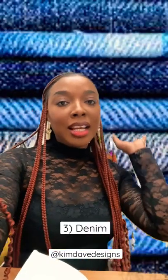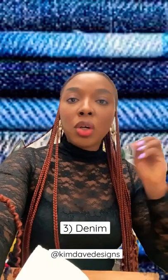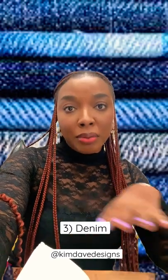Here's another fave of mine and it is typically one that you can find in different weights, washes, and colors. It could be used to make fun jackets and skirts, and combined with other fabrics can make really cool projects.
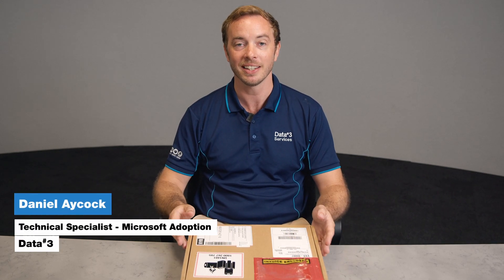Hi, my name's Daniel. I'm a Technical Adoption Specialist with Data3, and today we're going to do a quick unboxing and install of the new Surface Hub 3 Pack.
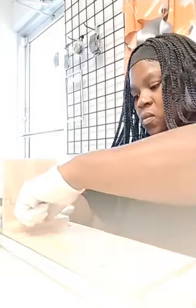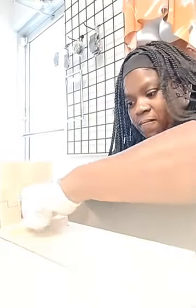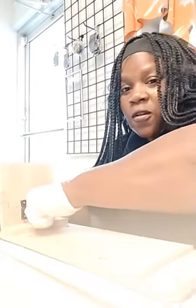You can slide it in like that, push it, and then tighten it. It does fold down, but remember, be careful because it slides there.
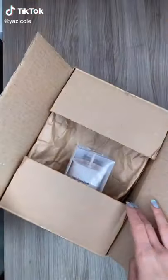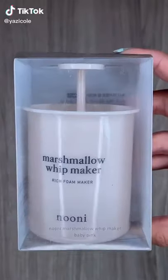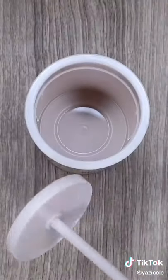Things TikTok Made Me Buy Part 37. I saw a girl use this marshmallow whip maker and I really wanted to try it out too.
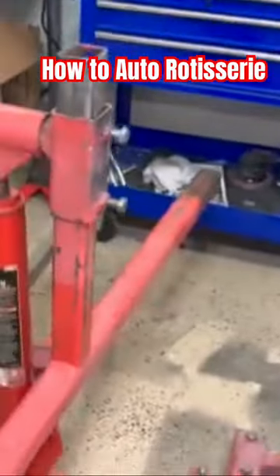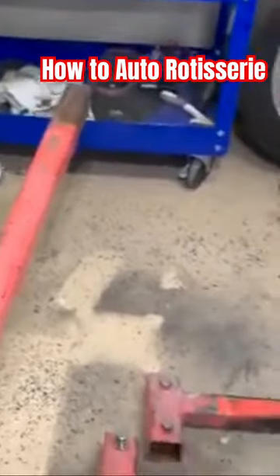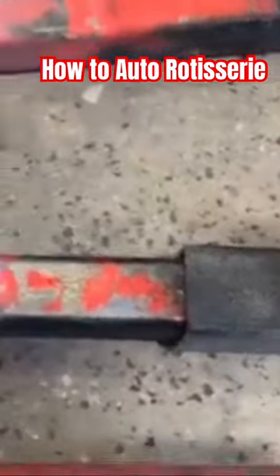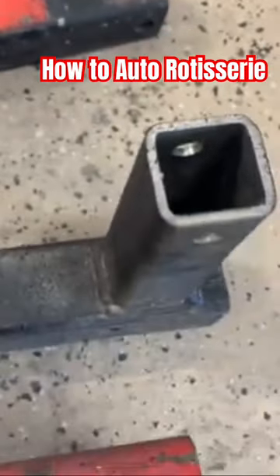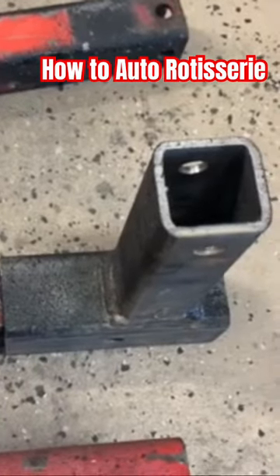Ready to start the rear of the Camaro. I don't know if every rotisserie is like this, but this is the Roto 2000 — I don't even know if they sell them anymore. You have to get this extension right here; it goes on to the end, just bolts in, and this goes up and connects into the old rear spring mount in the frame.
════════
**PROBLEM**
Starting with the line that contains "You can slide" and ending with the last line of the material, every line must be written out exactly; no other lines and no pictures are wanted.

**OUTPUT FOR THIS TASK**
You can slide it in like that, push it, and then tighten it. It does fold down, but remember, be careful because it slides there.
Things TikTok Made Me Buy Part 37. I saw a girl use this marshmallow whip maker and I really wanted to try it out too.
Ready to start the rear of the Camaro. I don't know if every rotisserie is like this, but this is the Roto 2000 — I don't even know if they sell them anymore. You have to get this extension right here; it goes on to the end, just bolts in, and this goes up and connects into the old rear spring mount in the frame.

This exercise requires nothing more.